When the Chicago Symphony Orchestra plays Carnegie Hall, it's the ultimate win-win situation in the world of classical music.




FOR IMMEDIATE RELEASE
(Free-Press-Release.com) December 11, 2006 -- A New York audience -- including many international visitors -- gets to hear just how fine the CSO is and the CSO gets to be heard -- and its players get to hear themselves -- in one of the greatest acoustical venues in the world.
In fact, after Friday night's performance of Mahler's Seventh Symphony, whether overhearing audience members departing their seats or orchestra musicians backstage or talking with conductor Pierre Boulez in his dressing room, the refrain was the same: "What a sound."

Chicago's Orchestra Hall is much beloved -- and rightly so -- for its location smack-dab in the middle of Michigan Avenue and across the street from the Art Institute of Chicago, and for the physical intimacy that its largely vertical seating layout creates between the audience and the stage. But this very shape and structure has long limited the full sound available not only to the seats in the auditorium but to the players performing and to the conductor leading them.

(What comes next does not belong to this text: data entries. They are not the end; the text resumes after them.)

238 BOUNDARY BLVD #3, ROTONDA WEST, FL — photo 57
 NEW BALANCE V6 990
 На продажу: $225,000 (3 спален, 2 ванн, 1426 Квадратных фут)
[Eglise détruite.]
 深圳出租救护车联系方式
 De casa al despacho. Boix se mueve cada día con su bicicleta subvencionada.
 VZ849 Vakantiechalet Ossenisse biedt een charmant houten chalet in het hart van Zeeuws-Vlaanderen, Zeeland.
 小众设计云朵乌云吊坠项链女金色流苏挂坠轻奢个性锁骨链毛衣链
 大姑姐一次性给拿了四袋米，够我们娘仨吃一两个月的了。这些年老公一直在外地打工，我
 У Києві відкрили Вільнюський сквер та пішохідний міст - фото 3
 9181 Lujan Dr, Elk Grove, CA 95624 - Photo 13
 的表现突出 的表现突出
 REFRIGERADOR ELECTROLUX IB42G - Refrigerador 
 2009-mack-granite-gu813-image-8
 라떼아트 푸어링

Large empty spaces at home
The lavish expansion of the building into Symphony Center created needed new administrative offices and a more spacious backstage facilities. But it also brought with it many large empty spaces and, most disappointingly, an acoustical renovation that at best kept the hall's limitations of sound and at worst actually diminished the resonance, especially in the upper strings and within the orchestra onstage.

Carnegie, on the other hand, is a 100-plus-year-old marvel of acoustical alchemy -- famously damaged at least once in the 20th century but in recent decades restored to glory. For Boulez the acoustics are "generous"; for a younger concertgoer "it sounds like stereo." For me, coming from Orchestra Hall to Carnegie Hall always evokes the shift from black-and-white to color in "The Wizard of Oz." The sound is rich, the various soloists and components of the orchestra blend properly with each other and the players' happiness with the space is palpable.

That these elements all come together is especially important for today's CSO. For as this first tour of the post-Daniel Barenboim era makes clear, the orchestra that Barenboim reshaped over the last 17 years now presents not only string, wind and brass sections of the highest level but three sections that are matched almost seamlessly and that match each other with their ears and playing.